Following the tips in this guide will give you one of the best resumes the hiring manager will read.

But is that enough?

What if another applicant goes a step further by adding a cover letter?

Then you are in trouble.

You see, cover letters are still very important.

Cover letters show the recruiter that you are not only willing to send your resume to every company out there, but are willing to work for that exact position.

Therefore, adding a cover letter with your resume can significantly increase your chances of getting this hard job.

As with preparing your CV, you must first get the structure of your cover letter correctly. Here’s how to do this:

cover letter structure construction project manager

Here’s how to craft a winning Cover Letter:

Contact Details

Your personal contact information, including full name, profession, email, phone number, location, website.

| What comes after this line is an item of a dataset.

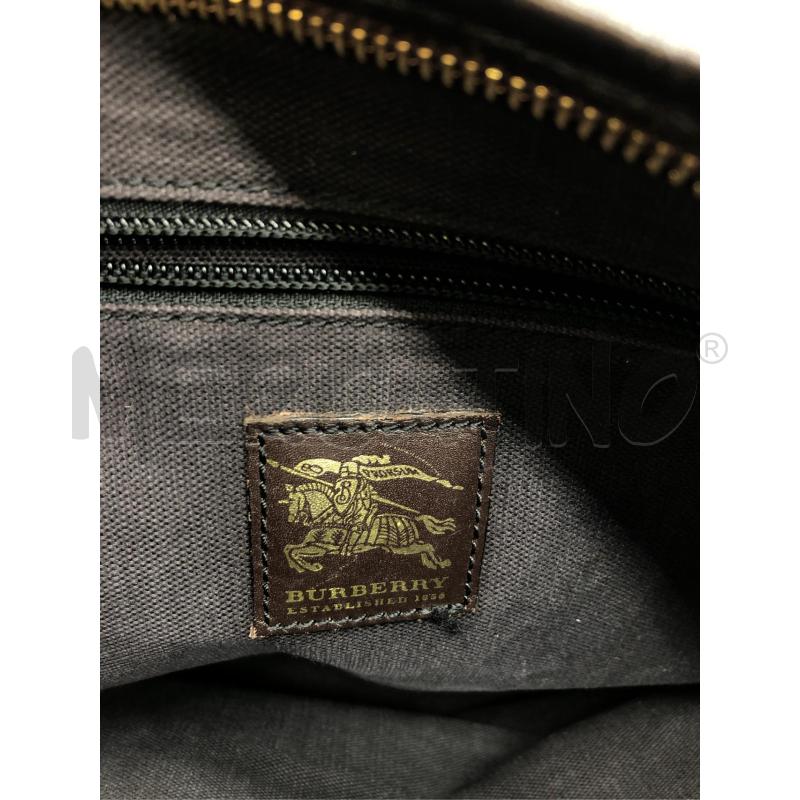 BORSELLO BURBERRY BEIGE  | Mercatino dell'Usato Roma somalia 2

Hiring Manager’s Contact Information

Full name, position, location, email

Opening Paragraph

Write a powerful introduction that instantly captures the reader’s attention. The opening paragraph should indicate …

  • The exact position you are applying for
  • Your summary of experience and your best achievements to date

The Body

After you connect the hiring manager, you can review the rest of your history. Some of the points you can mention here are:

  • Why do you want to work for the company
  • What do you know about the company’s beliefs and culture
  • What are your best skills and how do they benefit the company?
  • You have previously worked in similar industries or positions

Closing Paragraph

This is where you:

  • End the points specified in the body paragraph
  • Thank the hiring manager for his time
  • Finish with a call to action to continue the conversation. Something like “I would like to discuss more about how my experience as X can help the company with Y”

Formal Salutations

Use a formal closure such as “Yours sincerely” or “Yours sincerely.”

Creating a cover letter is difficult and not worth taking chances. Follow our step-by-step guide on how to write a cover letter.

Key Takeaways

So, a winning construction project manager resume is created this way! Just follow the steps in this guide to get your dream role. Before we go, let’s take a quick review of everything you learned today:

  • Your construction project manager choose the right format for your resume. If you have experience, you should use an inverse chronological format. Follow best practices for layout.
  • Use a resume summary or goal to get employer attention
  • Your work experience department should talk more about your achievements rather than your responsibilities.
  • Build a solid portfolio of your best work.
    Provide a cover letter explaining why you are the best for the construction project manager job.